The Telegraph says that aquatic “superfoods” should be a central plank of policies to combat rising levels of hunger triggered by the pandemic, according to the first woman of Asian descent to win an award dubbed the Nobel prize of food.
Dr Shakuntala Haraksingh Thilsted, who grew up in Trinidad and Tobago in a family of Indian descent, has been a central figure in decades of research which has reshaped scientific understanding of the nutritional value of small fish commonly eaten across Southeast Asia.
Now global lead for nutrition at the research centre WorldFish in Malaysia, Dr Thilsted was announced as the winner of the $250,000 World Food Prize on Tuesday for her work improving food production systems and creating enriched products to combat malnutrition.
In an interview with The Telegraph, Dr Thilsted, now a Danish citizen, warned that disruption triggered by the pandemic has pushed millions of people towards hunger and called for aquatic “superfoods” to be at the heart of efforts to combat the growing crisis.
There have been two major threads of Dr Thilsted’s work.
The first: to uncover the nutritional benefits of aquatic food products.
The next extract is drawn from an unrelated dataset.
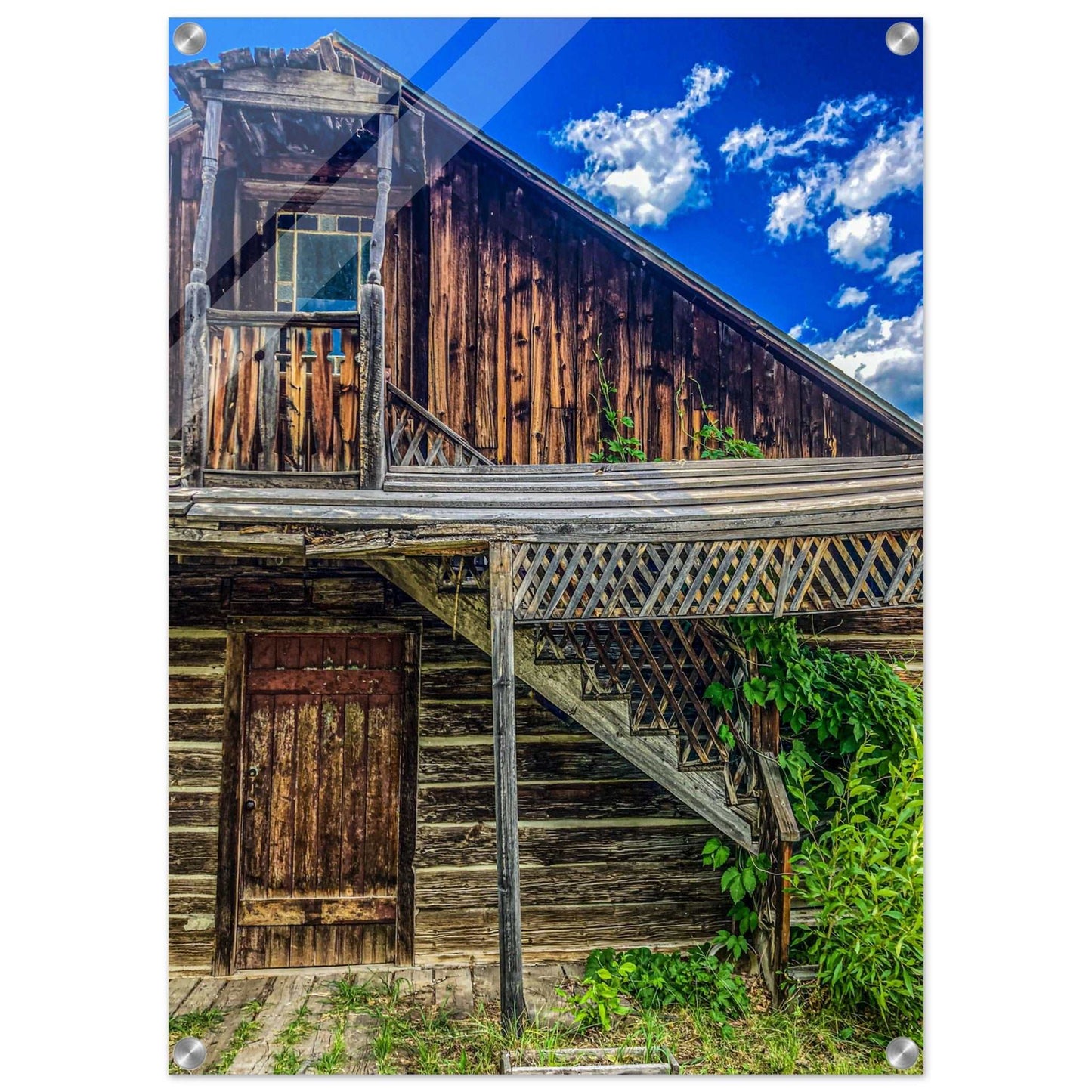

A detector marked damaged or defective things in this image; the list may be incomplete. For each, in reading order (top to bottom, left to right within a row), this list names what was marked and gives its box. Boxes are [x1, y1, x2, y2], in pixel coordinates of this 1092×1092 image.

peeling paint door [236, 638, 405, 967]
Dr Thilsted was one of the first to establish that many small fish species eaten commonly across Southeast Asia are important sources of both essential micronutrients and fatty acids, which can also improve the absorption of nutrients in plant-based foods.
The World Food Prize said this breakthrough “helped prioritise increases in fish consumption and production, transforming the diets and incomes of some of the world’s most vulnerable people”.
The second area of Dr Thilsted’s work has focused on actually making these products widely available, including through the development of pond polyculture systems, where small and large fish are farmed together.